◆ **Activity**
In the listing below, find every line with the string "Sports" and pull it out.
━━ Given data
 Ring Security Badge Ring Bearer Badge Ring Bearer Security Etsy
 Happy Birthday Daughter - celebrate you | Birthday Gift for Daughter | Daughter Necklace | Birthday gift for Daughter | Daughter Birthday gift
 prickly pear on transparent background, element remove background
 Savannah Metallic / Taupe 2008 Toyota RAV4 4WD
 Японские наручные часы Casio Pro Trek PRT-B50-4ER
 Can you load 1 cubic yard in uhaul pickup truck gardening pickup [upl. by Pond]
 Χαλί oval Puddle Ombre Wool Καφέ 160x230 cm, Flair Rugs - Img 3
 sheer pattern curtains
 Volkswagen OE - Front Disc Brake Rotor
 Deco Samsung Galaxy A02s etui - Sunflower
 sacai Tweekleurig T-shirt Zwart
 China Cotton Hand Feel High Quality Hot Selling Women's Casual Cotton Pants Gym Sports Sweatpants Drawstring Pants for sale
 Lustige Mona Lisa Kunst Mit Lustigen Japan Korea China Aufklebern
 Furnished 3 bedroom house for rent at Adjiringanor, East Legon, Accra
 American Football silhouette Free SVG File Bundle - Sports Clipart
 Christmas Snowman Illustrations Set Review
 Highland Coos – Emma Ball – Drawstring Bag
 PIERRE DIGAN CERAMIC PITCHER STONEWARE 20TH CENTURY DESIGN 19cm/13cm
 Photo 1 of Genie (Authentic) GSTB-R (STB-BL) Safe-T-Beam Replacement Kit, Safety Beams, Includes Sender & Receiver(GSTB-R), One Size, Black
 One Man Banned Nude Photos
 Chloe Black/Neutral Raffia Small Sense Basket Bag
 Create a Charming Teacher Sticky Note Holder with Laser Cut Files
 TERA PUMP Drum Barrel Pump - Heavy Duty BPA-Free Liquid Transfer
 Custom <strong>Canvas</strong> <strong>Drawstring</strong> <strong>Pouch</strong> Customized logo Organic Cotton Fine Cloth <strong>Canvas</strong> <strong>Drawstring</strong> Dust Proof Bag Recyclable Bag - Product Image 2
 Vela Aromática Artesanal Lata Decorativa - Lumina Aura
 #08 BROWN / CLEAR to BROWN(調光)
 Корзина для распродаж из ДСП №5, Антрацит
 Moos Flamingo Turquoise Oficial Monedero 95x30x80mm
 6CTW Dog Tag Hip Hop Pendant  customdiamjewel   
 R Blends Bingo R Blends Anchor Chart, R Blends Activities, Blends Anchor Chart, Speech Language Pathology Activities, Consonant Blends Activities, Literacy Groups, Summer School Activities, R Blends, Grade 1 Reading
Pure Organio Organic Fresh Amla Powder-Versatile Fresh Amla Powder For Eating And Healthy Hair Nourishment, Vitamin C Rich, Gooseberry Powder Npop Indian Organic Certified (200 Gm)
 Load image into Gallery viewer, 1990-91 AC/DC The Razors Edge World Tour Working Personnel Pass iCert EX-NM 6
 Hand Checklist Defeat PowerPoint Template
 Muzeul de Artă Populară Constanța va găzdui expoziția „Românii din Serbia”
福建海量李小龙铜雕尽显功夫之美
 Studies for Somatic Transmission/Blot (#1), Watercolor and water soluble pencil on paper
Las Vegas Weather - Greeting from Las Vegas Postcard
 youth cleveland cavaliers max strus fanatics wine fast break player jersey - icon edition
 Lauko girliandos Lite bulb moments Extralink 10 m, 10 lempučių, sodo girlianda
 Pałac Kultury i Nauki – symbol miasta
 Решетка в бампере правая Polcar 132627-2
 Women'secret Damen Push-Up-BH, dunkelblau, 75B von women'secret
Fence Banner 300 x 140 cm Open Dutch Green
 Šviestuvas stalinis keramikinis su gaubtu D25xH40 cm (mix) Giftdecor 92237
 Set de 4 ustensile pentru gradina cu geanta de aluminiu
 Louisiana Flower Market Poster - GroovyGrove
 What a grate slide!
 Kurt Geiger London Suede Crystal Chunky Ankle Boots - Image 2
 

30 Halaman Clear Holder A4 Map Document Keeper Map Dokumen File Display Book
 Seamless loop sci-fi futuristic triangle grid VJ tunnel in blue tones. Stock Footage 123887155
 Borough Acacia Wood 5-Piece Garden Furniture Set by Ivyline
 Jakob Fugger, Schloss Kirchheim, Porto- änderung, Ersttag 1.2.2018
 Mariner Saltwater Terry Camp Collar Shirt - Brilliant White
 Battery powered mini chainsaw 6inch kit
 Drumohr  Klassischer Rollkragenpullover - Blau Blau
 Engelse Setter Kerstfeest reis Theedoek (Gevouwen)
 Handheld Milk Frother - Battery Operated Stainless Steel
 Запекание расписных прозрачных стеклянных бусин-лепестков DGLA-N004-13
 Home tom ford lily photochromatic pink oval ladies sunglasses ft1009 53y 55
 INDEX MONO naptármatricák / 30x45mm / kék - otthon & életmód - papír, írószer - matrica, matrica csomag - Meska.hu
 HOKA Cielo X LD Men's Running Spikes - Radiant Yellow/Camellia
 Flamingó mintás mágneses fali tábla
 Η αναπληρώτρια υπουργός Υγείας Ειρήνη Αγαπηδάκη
━━━━
◆ **Task output**
 China Cotton Hand Feel High Quality Hot Selling Women's Casual Cotton Pants Gym Sports Sweatpants Drawstring Pants for sale
 American Football silhouette Free SVG File Bundle - Sports Clipart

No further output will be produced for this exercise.